Each index server indexes only part of the Web, as the whole Web will not fit on a single machine - certainly not the type of machines that Google uses. Google's index of the Web is distributed across many machines, and the query gets sent to many of them - Google calls each on a shard (of the Web). Each one works on its part of the problem.
Google computes the top 1000 or so results, and those come back as document IDs rather than text. The next step is to use document servers, which contain a copy of the Web as crawled by Google's spiders. Again the Web is essentially chopped up so that each machine contains one part of the Web. When a match is found, it is sent to the ad server which matches the ads and produces the familiar results page.
Google's business model works because all this is done on cheap hardware, which allows it to run the service free-of-charge to users, and charge only for advertising.
"Even though it is a big problem", said Hölzle, "it is tractable, and not just technically but economically too. You can use very cheap hardware, but to do this you have to have the right software."
Google runs its systems on cheap, no-name IU and 2U servers -- so cheap that Google refers to them as PCs. After all each one has a standard x86 PC processor, standard IDE hard disk, and standard PC reliability - which means it is expected to fail once in three years.
On a PC at home, that is acceptable for many people (if only because they're used to it), but on the scale that Google works at it becomes a real issue; in a cluster of 1,000 PCs you would expect, on average, one to fail every day. "On our scale you cannot deal with this failure by hand," said Hölzle. "We wrote our software to assume that the components will fail and we can just work around it. This software is what makes it work.
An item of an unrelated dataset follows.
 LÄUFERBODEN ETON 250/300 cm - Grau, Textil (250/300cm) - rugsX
One key idea is replication. "This server that contains this shard of the Web, let's have two, or 10," said Hölzle. "This sound sounds expensive, but if you have a high-volume service you need that replication anyway. So you have replication and redundancy for free. If one fails you have 10 percent reduction in service so no failures so long as the load balancer works. So failure becomes and a manageable event."
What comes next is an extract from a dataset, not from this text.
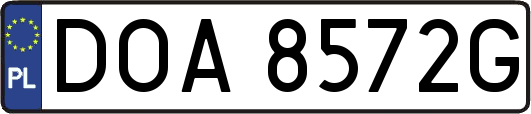 DOA8572G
In reality, he said, Google probably has "50 copies of every server". Google replicates servers, sets of servers and entire data centres, added Hölzle, and has not had a complete system failure since February 2000. Back then it had a single data centre, and the main switch failed, shutting the search engine down for an hour. Today the company mirrors everything across multiple independent data centres, and the fault tolerance works across sites, "so if we lose a data centre we can continue elsewhere -- and it happens more often than you would think. Stuff happens and you have to deal with it."
A new data centre can be up and running in under three days. "Our data centre now is like an iMac," said Schulz." You have two cables, power and data. All you need is a truck to bring the servers in and the whole burning in, operating system install and configuration is automated."
Working around failure of cheap hardware, said Hölzle, is fairly simple. If a connection breaks it means that machine has crashed so no more queries are sent to it. If there is no response to a query then again that signals a problem, and it can cut it out of the loop.
That is redundancy taken care of, but what about scaling? The Web grows every year, as do the number of people using it, and that means more strain on Google's servers.
Google has two crucial factors in its favour. First, the whole problem is what Hölzle refers to as embarrassingly parallel, which means that if you double the amount of hardware, you can double performance (or capacity if you prefer -- the important point is that there are no diminishing returns as there would be with less parallel problems).
The second factor in Google's favour is the falling cost of hardware. If the index size doubles, then the embarrassingly parallel nature of the problem means that Google could double the number of machines and get the same response time so it can grow linearly with traffic. "In reality (from a business point of view) we would like to grow less than linear to keep costs down," said Hölzle, "but luckily the hardware keeps getting cheaper."
So every year as the Web gets bigger and requires more hardware to index, search and return Web pages, hardware gets cheaper so it "more or less evens out" to use Hölzle's words.
As the scale of the operation increases, it introduces some particular problems that would not be an issue on smaller systems. For instance, Google uses IDE drives for all its storage. They are fast and cheap, but not highly reliable. To help deal with this, Google developed its own file system -- called the Google File System, or GFS -- which assumes an individual unit of storage can go away at any time either because of a crash, a lost disk or just because someone stepped on a cable.
There are no disk arrays within individual PCs; instead Google stores every bit of data in triplicate on three machines on three racks on three data switches to make sure there is no single point of failure between you and the data. "We use this for hundreds of terabytes of data," said Hölzle.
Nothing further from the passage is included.